Kata "Fadldlala" dalam ayat tersebut berarti bahwa dari segi fisik laki-laki diciptakan
dengan susunan organ tubuh yang lebih kuat daripada perempuan dan atau dari segi
biologis perempuan diberikan keterbatasan-keterbatasan seperti mngandung,
melahirkan, menyusui dan datangnya tamu setiap bulan. Tapi manakala perempuan
dapat mengatasi dan membatasi keadaan-keadaan yang tidak dapat dihindari tersebut
dan juga didukung oleh kemampuan diri yang bagus, tidak menutup kemungkinan ia
menjadi pemimpin, toh secara empiris tidak sedikit wanita yang mampu mengeliminir
keterbatasan-keterbatasan tersebut dengan langkah antisipatif pada suatu kondisi dan
banyak pula perempuan yang kemampuan intelektual dan atau penghasilannya yang
melebihi laki-laki.
Dengan demikian ayat tersebut justeru mengakui keberadaan laki-laki dan perempuan,
bahwa keduanya adalah mahkluk yang mempunyai status yang sama baik dalam
kapasitasnya sebagai hamba Allah (mengabdi) maupun sebagai wakil Allah di bumi
(khalifah). Antara yang satu dengan yang lain tidak terdapat superioritas baik dari segi
asal usul kejadiannya maupun struktur sosial dalam masyarakat.
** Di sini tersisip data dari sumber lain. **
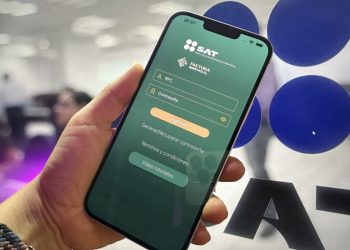 ¿Ya sabías que puedes facturar desde tu celular?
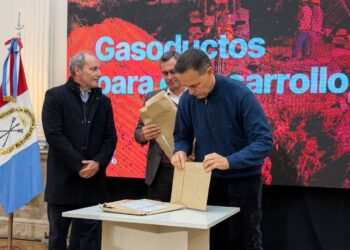 Avanza la llegada del gas natural a las localidades de Iriondo sobre la Ruta Nacional Nº 34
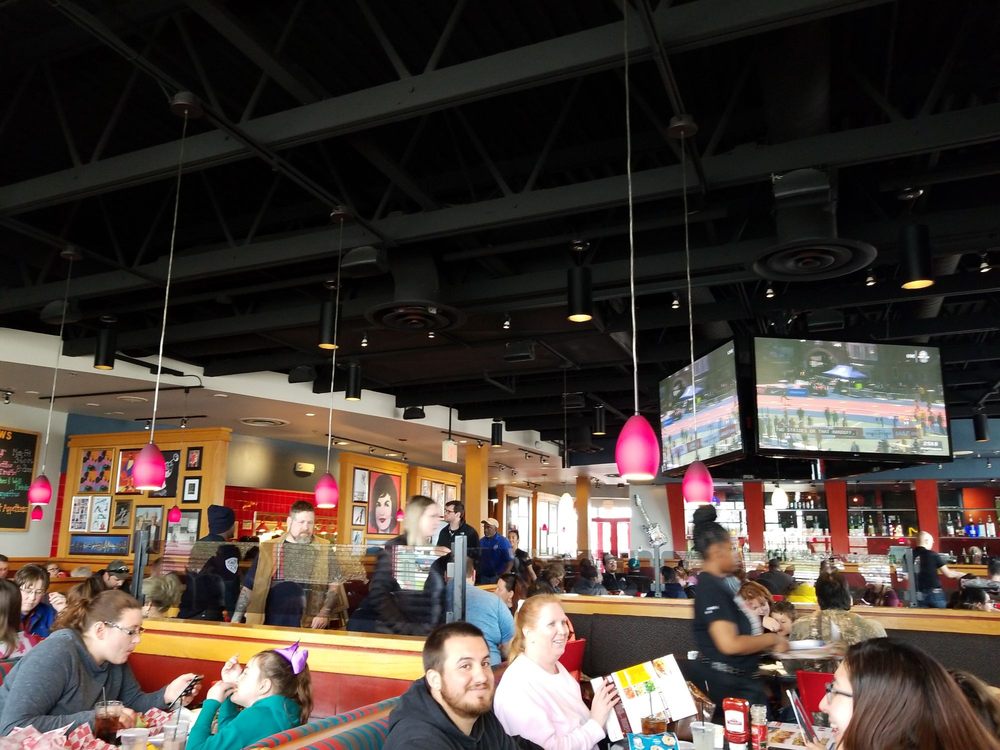 Red Robin Gourmet Burgers and Brews 6524 W Saginaw Hwy, Lansing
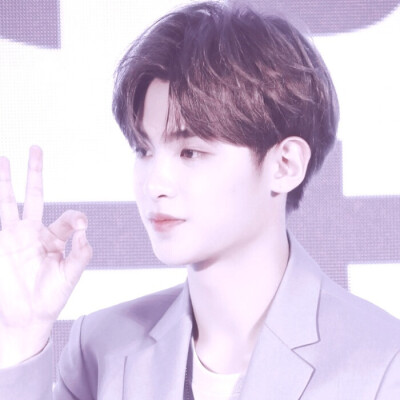 黄明昊 justin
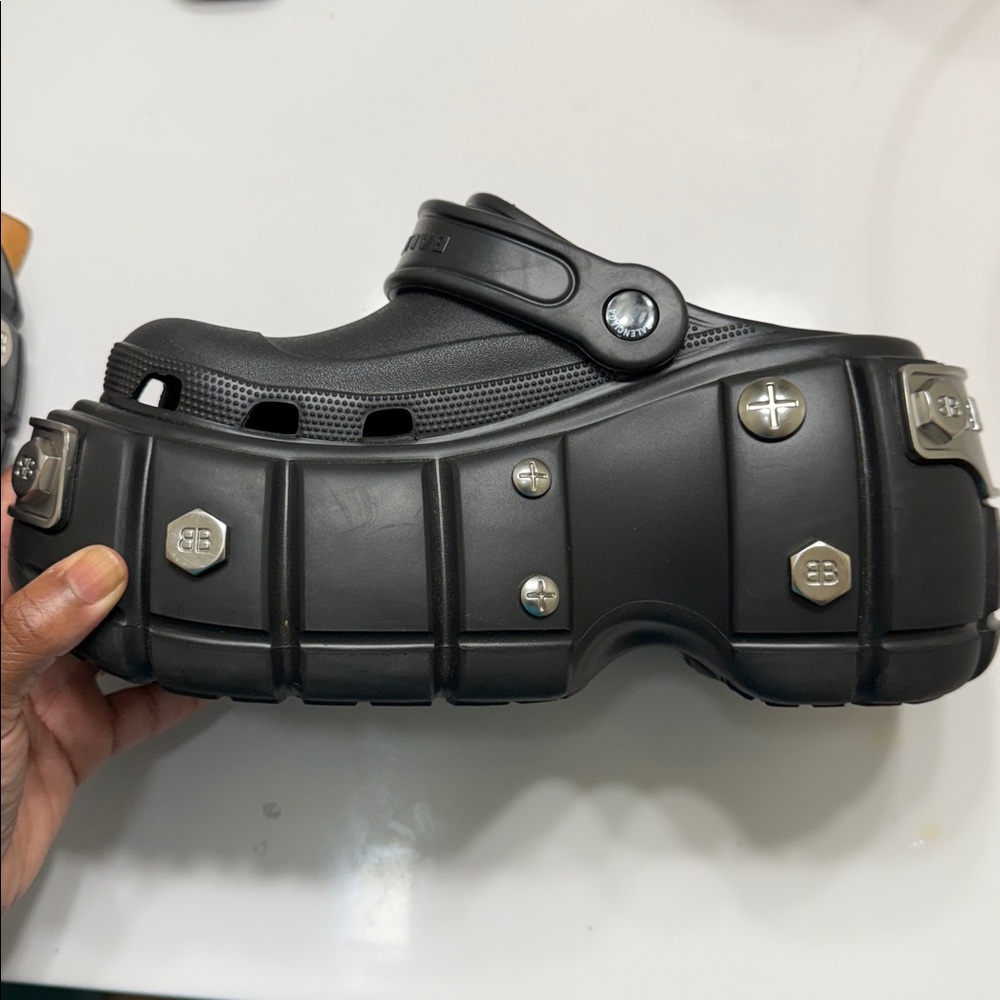 Balenciaga Black Footwear with Silver Details - Picture 5 of 10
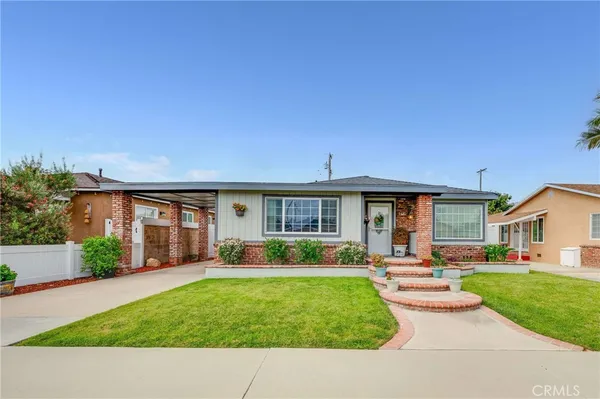 $800,000 | 5131 Gaviota Avenue, Long Beach, CA 90807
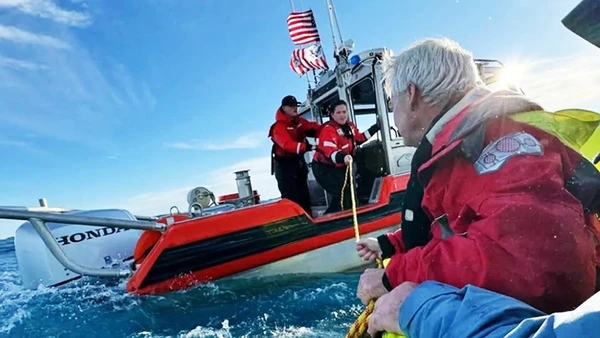 Người gặp nạn được giải cứu nhờ tín hiệu từ Cospas-Sarsat. Ảnh: NOAA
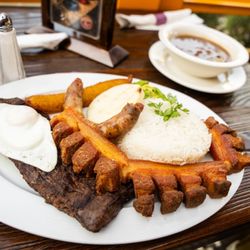 Parador Rojo Restaurant - Bandeja Paisa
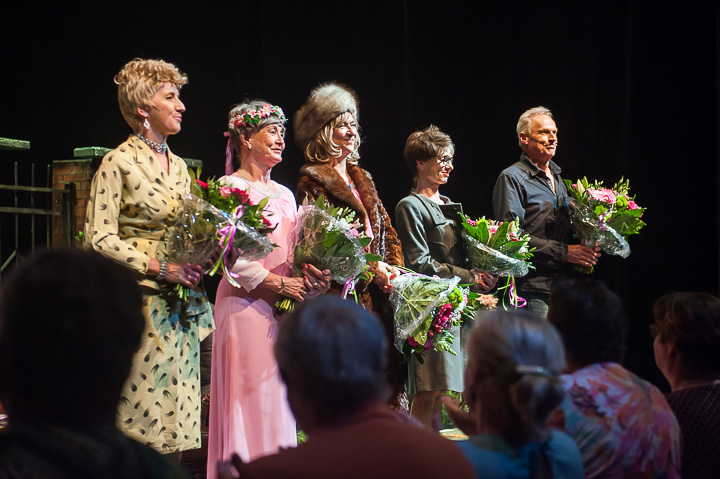 Het Kerkhofclubje @ Fakkeltheater - Rode zaal, picture 22, photographed by Goele Bormans - FrontView Magazine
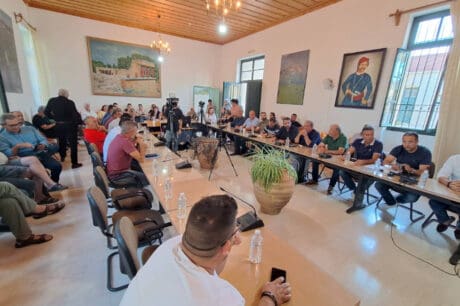 Ομόφωνο «ΟΧΙ» του Δήμου Μινώα Πεδιάδας στην εγκατάσταση Δομής φιλοξενίας μεταναστών στο πρώην στρατόπεδο Ζωγραφάκη, στο Καστέλλι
Dengan demikian,
prinsip murni dalam Al-Qur’an adalah kesetaraan total antara laki-laki dan perempuan
sebagaimana ditunjukkan oleh adanya tanggung jawab yang sama di hadapan Allah
pada hari pembalasan .
Kesimpulan
Berangkat dari paparan di atas dapat disimpulkan sebagai berikut; Bahwa adanya
asumsi-asumsi atau ketetapan yang salama ini dianggap benar dengan
mengatasnamakan ajaran agama tentang eksistensi perempuan dalam kehidupan
sosial, ternyata "kurang benar" dan krusialnya masalah ini hampir sama dengan
masalah KB yang awal kehadirannya juga dilarang keras oleh para ulama, justeru
dengan kebijakan di atas agama hadir sebagai elemen yang mendorong proses
lahirnya perkembangan keilmuan dan perubahan sosial.
Akhirnya kajian-kajian lain yang sepadan dengan kasus di atas pada kelanjutannya
akan banyak muncul dan lahir di sekeliling kehidupan manusia, di situla peran agama
dipertaruhkan. Benarkah Islam sebagai agama "Rahmatan li al-‘Alamin, sehingga kita
akan menemukan jati diri Islam sebagai agama yang paripurna.